The voices in your head (probably) aren’t real. But the voices in Taraji P. Henson’s head definitely are! In What Men Want, her character, Ali, finds herself hearing the inner thoughts of all the guys around her.
Yes, it’s just as freaky as it sounds.
No, it’s not as funny as the movie thinks it is.
A Glass Act
Shattering glass ceilings ain’t easy. Usually you just smash into them, leaving you with a concussion and the ceiling perfectly intact.
Ali is a high-powered, free-wheeling sports agent with tons of high-profile female clients. Male clients? Not so much. And this is where the film takes us into well chartered territory, but via a different route.
Depending on your point of view, this is either an independent sequel, remake, or reboot of the minimally adequate Mel Gibson movie What Women Want.
But this movie gives us a comedic look at very serious issues: gender equality, taking friends and loved ones for granted, and living with the consequences of the choices we make.
Ali is doing all the right things to make partner at her job, but like a group of eight year olds in a treehouse, there is a metaphorical sign that says NO GIRLZ ALLOWED! So during a night out with the girls, they end up with a psychic (played hilariously by Erykah Badu) who tells Ali she can help her connect with men. All she has to do is drink some Jasmine tea, which the trailer leads us to believe is laced with weed, peyote, and crack.

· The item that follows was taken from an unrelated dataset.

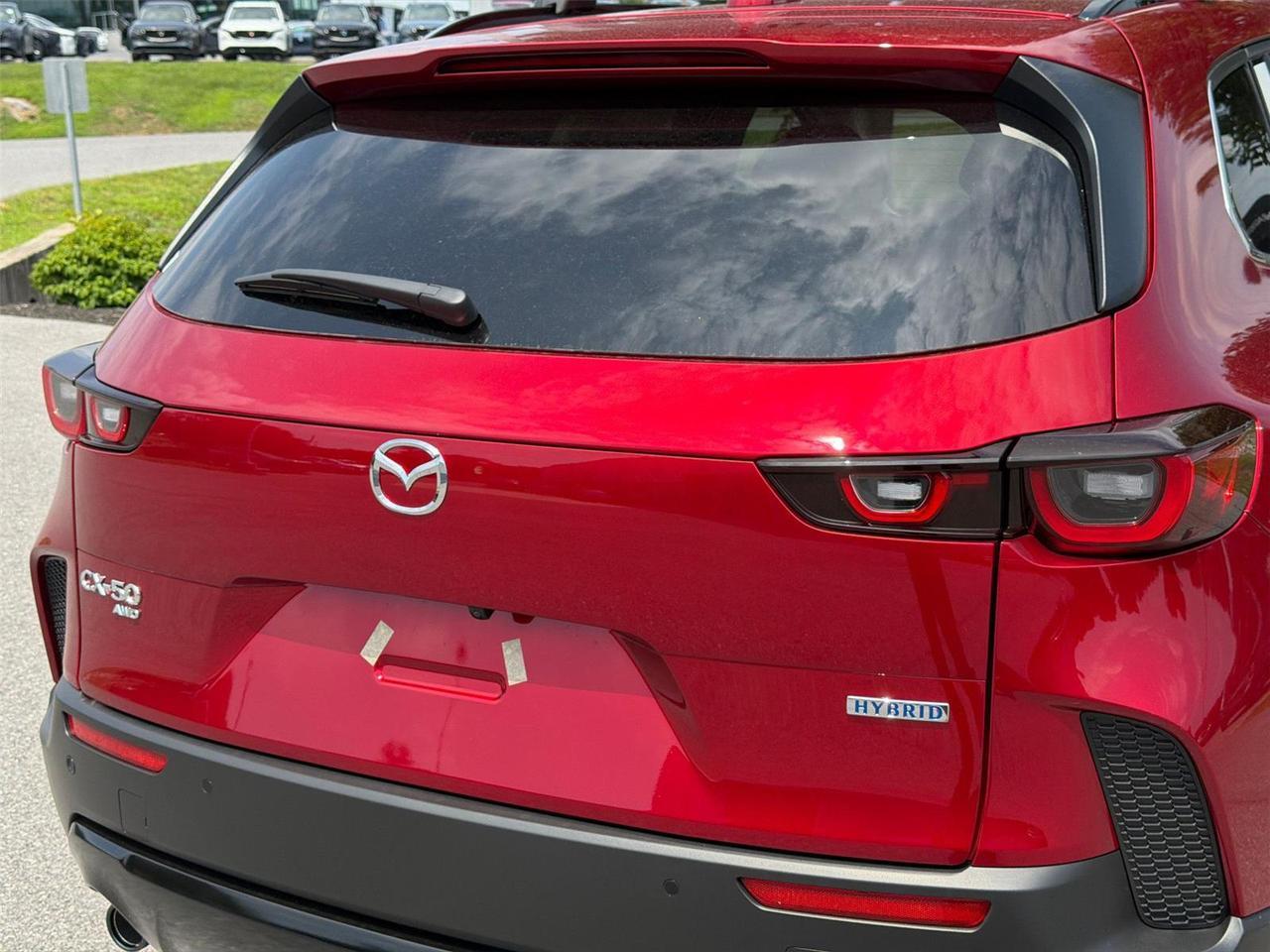 2026 Mazda CX-50 Hybrid Premium Hagerstown MD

One cocktail and one concussion later, Ali can hear the thoughts of all the guys around her.
This is an overused plot device that we’ve seen in one form or another in plenty of movies. But the producers make good use of it. She uses the power to further her own career by landing the top NBA prospect.
There isn’t a lot of conflict with the audience here, as we’re all rooting for her to get what she’s worked for and deserves.
The Subplot Thickens
Ali isn’t all victim. Ali, like many sports agents, is a user of people. Early in the film she betrays her values and asks a superstar female athlete to give her spot on a cover to an unproven male talent. She also keeps her friends in the dark about her new talent, and then drops an atomic sized truth bomb at a wedding.
Over the top? Yes!
Memorable? Not after the next rom-com hits theaters.
We’re Left Wanting
So, what do men want? A cold beer and hot nachos. Maybe that’s just me.

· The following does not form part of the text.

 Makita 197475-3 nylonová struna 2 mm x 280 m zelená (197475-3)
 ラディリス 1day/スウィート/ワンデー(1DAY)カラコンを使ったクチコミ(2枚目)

In the end, the movie tries to show that we all want the same things (love, acceptance, blah blah) and are burdened with the same insecurities.
But for all the talk of equality and probing of the universally shallow minds of men, the movie doesn’t deliver much of anything. The plot and subplots are solved with cookie-cutter predictability.

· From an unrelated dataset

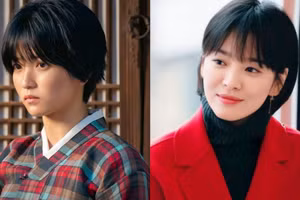 Song Hye Kyo cùng dàn diễn viên đình đám gây ấn tượng cực mạnh với mái tóc ngắn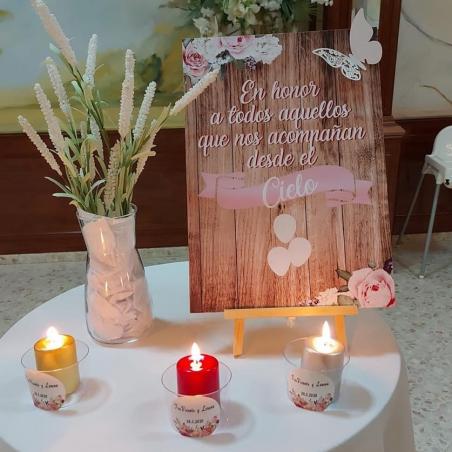 Cartel Romántico Homenaje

We like Ali, and women will definitely identify with her struggles. But we don’t fall in love with Ali. Using a love interest’s child as a prop isn’t something the tea made her do. She’s presented to us as a well-rounded person who’s struggled, but then uses society’s slights as a justification for her own bad behavior. I believe she knew better, which makes many of her choices in the film seem disingenuous, used only to further the film’s plot or implied but elusive message.
Sure, I’ve made bad choices. They usually involve tequila at 3am (or 3pm). And those choices usually lead to great subplots in life!
If I were you, I’d wait for this to pop up On Demand. It’s worth $8(US) for several people to watch, but not $11(US) per ticket.
The Critic’s Cocktail Recommendation
Jasmine Tea, of course. I suggest adding a healthy splash of gin.
Or you could throw in some weed, peyote, and some crack. But that’s up to you!